RuntimeError: CUDA error: invalid device ordinal CUDA kernel errors might be asynchronously reported at some other API call, so the stacktrace below might be incorrect. For debugging consider passing CUDA_LAUNCH_BLOCKING=1. Compile with TORCH_USE_CUDA_DSA to enable device-side assertions.

could you please give me some help?

MaoPopovich commented 4 months ago

I met the same question and could not figure out why.

zhuiyue233 commented 4 months ago

I met the same question and could not figure out why.

I solved it. I try to install requirement.txt one by one.

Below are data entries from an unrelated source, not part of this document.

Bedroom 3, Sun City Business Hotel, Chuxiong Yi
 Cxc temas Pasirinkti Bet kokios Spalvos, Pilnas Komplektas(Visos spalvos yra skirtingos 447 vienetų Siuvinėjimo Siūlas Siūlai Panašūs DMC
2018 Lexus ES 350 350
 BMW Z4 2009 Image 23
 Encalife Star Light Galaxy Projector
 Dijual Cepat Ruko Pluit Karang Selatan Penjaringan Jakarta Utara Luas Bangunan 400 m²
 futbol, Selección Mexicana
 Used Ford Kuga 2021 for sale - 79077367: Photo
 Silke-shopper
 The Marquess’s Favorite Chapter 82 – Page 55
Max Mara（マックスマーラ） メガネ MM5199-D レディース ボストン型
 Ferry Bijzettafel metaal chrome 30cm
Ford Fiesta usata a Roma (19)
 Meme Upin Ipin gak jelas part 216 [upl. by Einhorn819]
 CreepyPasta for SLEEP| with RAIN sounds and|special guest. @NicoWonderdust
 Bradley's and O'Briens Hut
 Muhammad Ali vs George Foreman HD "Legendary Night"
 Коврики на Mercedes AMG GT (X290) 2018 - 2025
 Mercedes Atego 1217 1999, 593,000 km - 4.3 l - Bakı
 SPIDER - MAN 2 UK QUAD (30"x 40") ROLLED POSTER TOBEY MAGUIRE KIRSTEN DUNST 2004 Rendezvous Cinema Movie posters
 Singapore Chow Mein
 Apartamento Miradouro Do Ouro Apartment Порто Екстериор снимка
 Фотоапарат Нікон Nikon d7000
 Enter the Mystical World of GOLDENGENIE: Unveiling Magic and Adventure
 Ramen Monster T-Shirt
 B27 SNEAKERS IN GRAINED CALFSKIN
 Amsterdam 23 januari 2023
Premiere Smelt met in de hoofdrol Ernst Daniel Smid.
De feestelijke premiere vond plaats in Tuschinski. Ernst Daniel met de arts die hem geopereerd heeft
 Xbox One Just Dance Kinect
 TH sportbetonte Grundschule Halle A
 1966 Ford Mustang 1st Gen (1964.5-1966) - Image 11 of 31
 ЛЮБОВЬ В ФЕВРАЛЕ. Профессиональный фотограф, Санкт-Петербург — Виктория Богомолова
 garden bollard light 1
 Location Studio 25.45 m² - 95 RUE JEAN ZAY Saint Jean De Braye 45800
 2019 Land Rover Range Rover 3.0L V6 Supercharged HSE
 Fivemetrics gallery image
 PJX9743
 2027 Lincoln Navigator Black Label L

And pip install -U bitsandbytes again.

I don't kown why.

zhuiyue233 commented 4 months ago

I met the same question and could not figure out why.

And maybe you can try to change python -m torch.distributed.run --nnodes=1 --nproc_per_node=4 --master_port=20001 to python -m torch.distributed.run --nnodes=1 --nproc_per_node=1 --master_port=20001 in file "graphgpt_stage1.sh "

MaoPopovich commented 4 months ago

I met the same question and could not figure out why.

And maybe you can try to change python -m torch.distributed.run --nnodes=1 --nproc_per_node=4 --master_port=20001 to python -m torch.distributed.run --nnodes=1 --nproc_per_node=1 --master_port=20001 in file "graphgpt_stage1.sh "

thanks, this error have been resolved.